An experimental digital learning environment with universal accessibility

Introduction

Just like society, educational institutions are in a constant state of change as they are under the influence of changing frame conditions. There have been different developments in education policy over the last two decades that have had a decisive influence on German schools. The most notable of these are the School Act NRW of 2005, which obliges every teacher to promote each student individually (Ministerium für Schule und Bildung des Landes Nordrhein-Westfalen, 2005), and the ratification of the UN Convention on the Rights of Persons with Disabilities (United Nations, 2006), which grants every student equal participation in school life. Consequently, joint learning has finally found its way into the German education system. Teachers are thus facing the great challenge of dealing with increasingly heterogeneous learning groups.

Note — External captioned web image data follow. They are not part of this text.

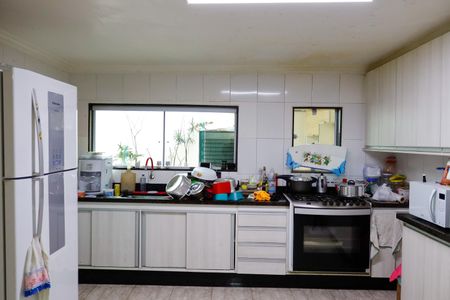 Casa à venda com 250m², 3 quartos e 3 vagasCozinha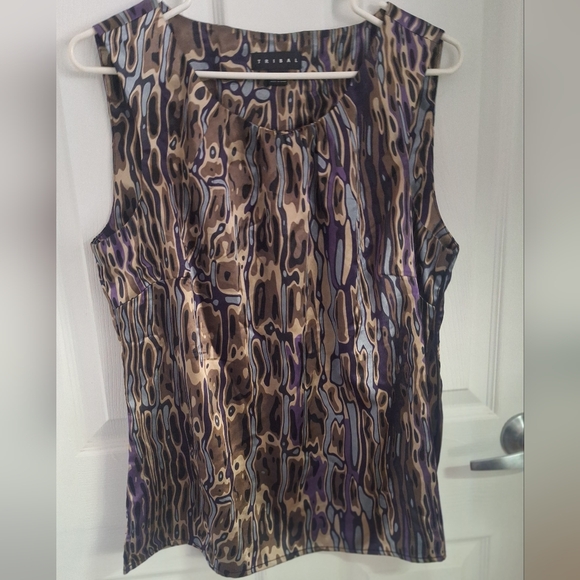 🩷 Tribal Satin top - Picture 1 of 5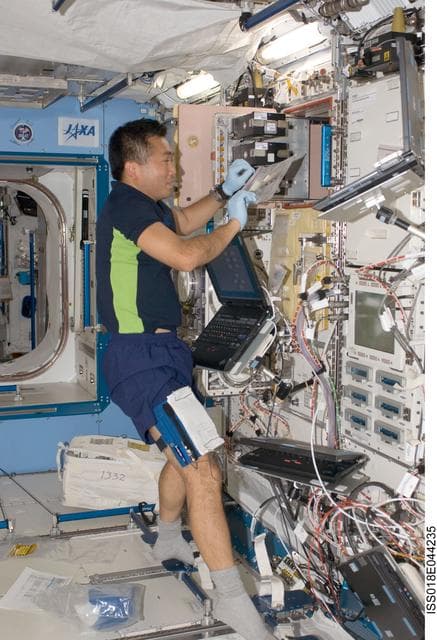 NASA image: DomeGene Sample Removal from Cell Biology Experiment Facility (CBEF)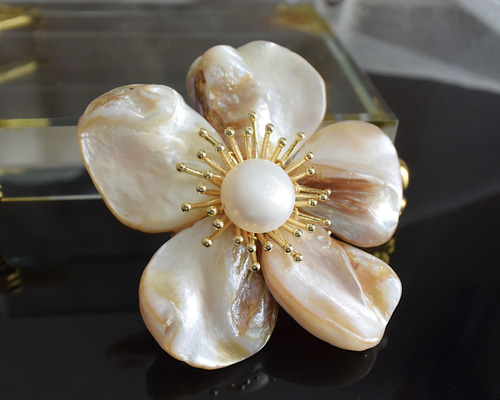 淡水パールの花びらのブローチ フォーマル・入園入学に ブローチ Spica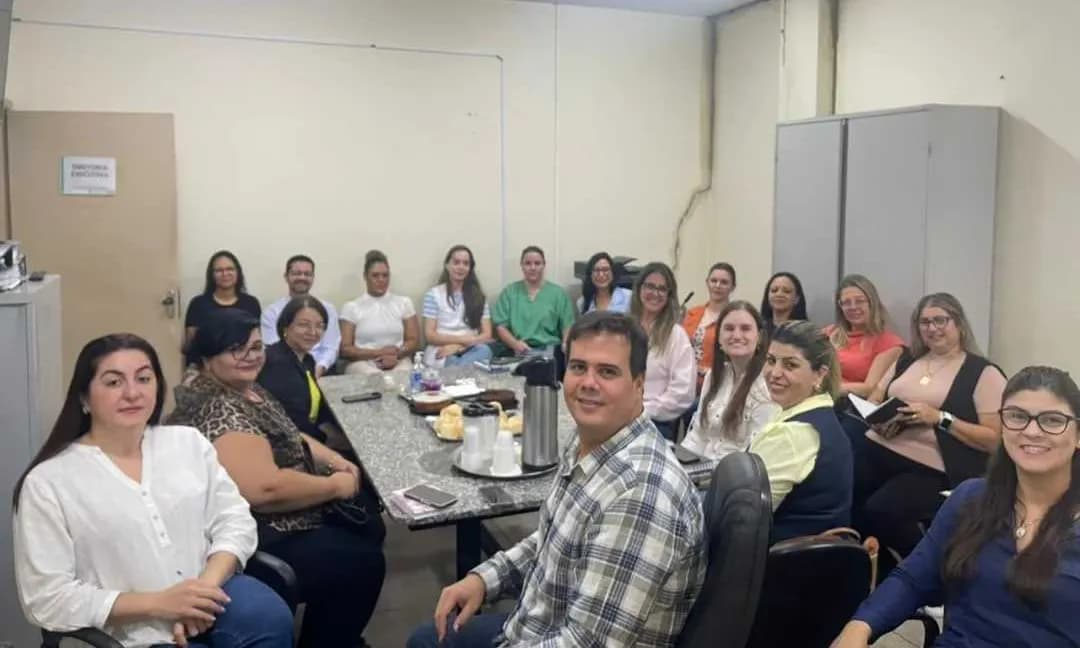 Equipe técnica da Regional de Uberaba se reúne com gestores municipais de saúde em Frutal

At the same time, another topic is coming to the fore: digitisation. Today, digital media have arrived in almost all areas of life, becoming an indispensable part of our everyday lives. That is why the Internet, and thus tablets and smartphones as well, are becoming more and more important in schools, too. Learning with digital media and via digital media is therefore not only extremely important, but is also explicitly demanded by the strategy paper “Education in the digital world” published by the Conference of Education Ministers (KMK, 2016). The Federal Government also sees a need for action here and wants the “DigitalPakt Schule” [Pact for digitisation in German schools] to be established by the end of 2018, which includes financial support for German schools (Bundesministerium für Bildung und Forschung, 2018).

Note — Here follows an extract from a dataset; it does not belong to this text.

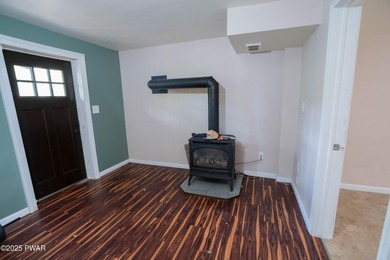 Bright & Spacious Contemporary in The HideoutDiscover the on The Hideout Golf in Pennsylvania - for sale on GolfHomes.com, golf home, golf lot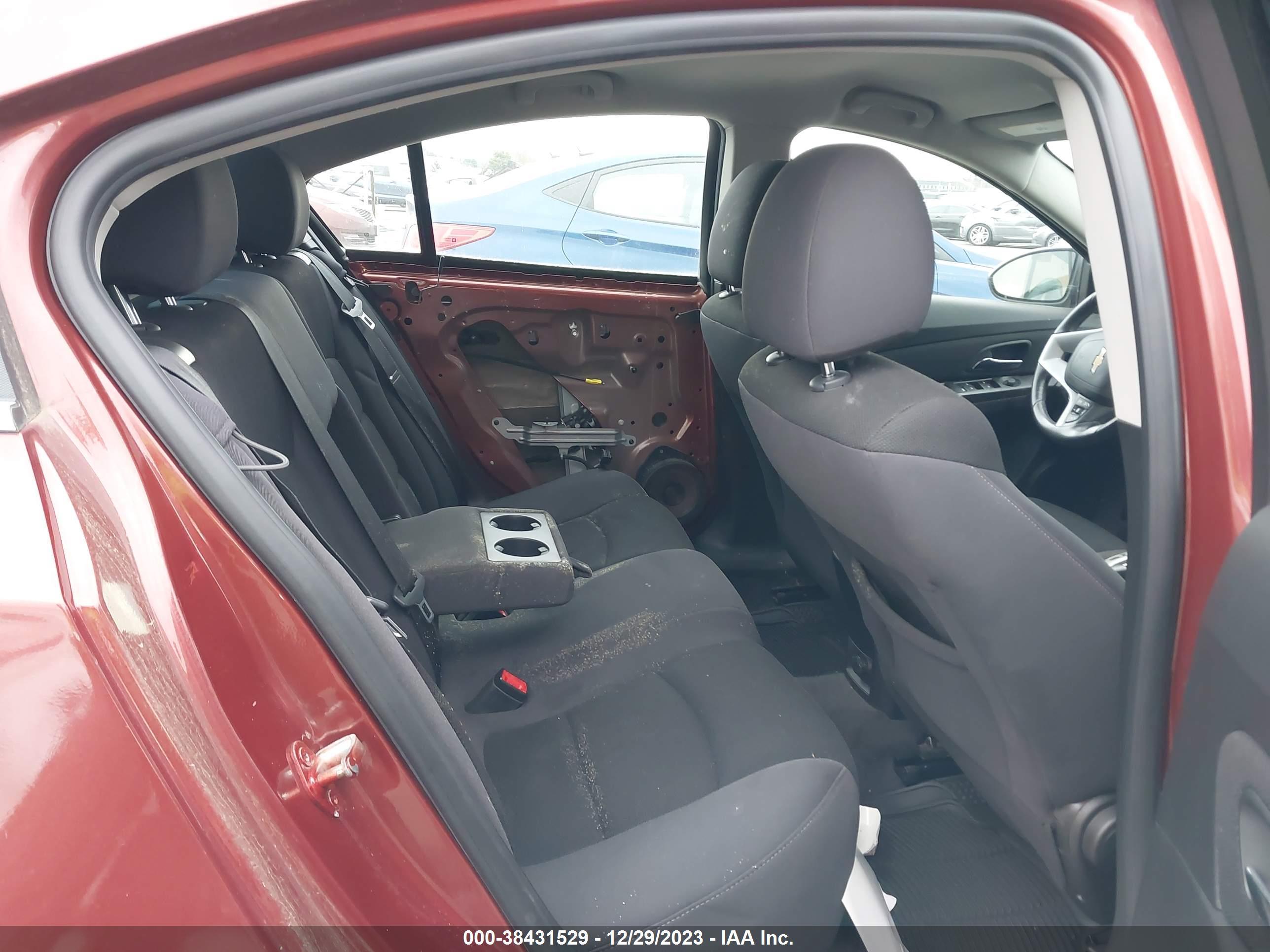 CHEVROLET CRUZE image 8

In view of the increasingly heterogeneous learning groups on the one hand and the simultaneously growing digitisation of schools on the other hand, our interest is to generate knowledge about the use of digital media in heterogeneous learning groups. We focus on chemistry lessons.

Theoretical background

Due to the central role of digital media for this project, it is first of all important to briefly define the term. “Media” is a relatively vague term because there is no universally accepted definition. Technical hardware devices such as computers, beamers and mobile devices, software such as computer games, media formats like online newspapers, but also simple texts, images, audio and video files are referred to as media. For the fields of media didactics Petko (2014) defines digital media on the one hand as cognitive and on the other hand as communicative tools for processing, storing and transmitting symbolic information.

In addition, we have to distinguish digital media from analogue media. Analogue media generally refers to books, posters, newspapers, etc. but also to audio or video cassettes. Digital media include the internet, mobile devices such as smartphones, tablets and computers, as well as e-books and video games (Petko, 2014). They are also classified according to the sensory channels they address: the auditive, visual and audio-visual channels (Barke & Harsch, 2011; Reiners, 2017).

In this context, the concept of multimedia should be emphasised. Nowadays, multimedia is an essential feature of both printed and digital media and describes the combined presentation of linguistic and pictorial representation formats. These can be static, for example in the form of written texts, diagrams or illustrations, or dynamic, as in spoken text, videos, animations or simulations (Scheiter & Richter, 2015). Overall, multimedia systems are characterised by the fact that they use different symbolic systems – this is called multicodality – or address several senses simultaneously – this is called multimodality. Multimedia-based teaching and learning materials are frequently used to convey scientific content, as it is hoped that the visualisation of facts and processes will provide a special learning potential (Girwidz & Hoyer, 2018; Weidenmann, 2002).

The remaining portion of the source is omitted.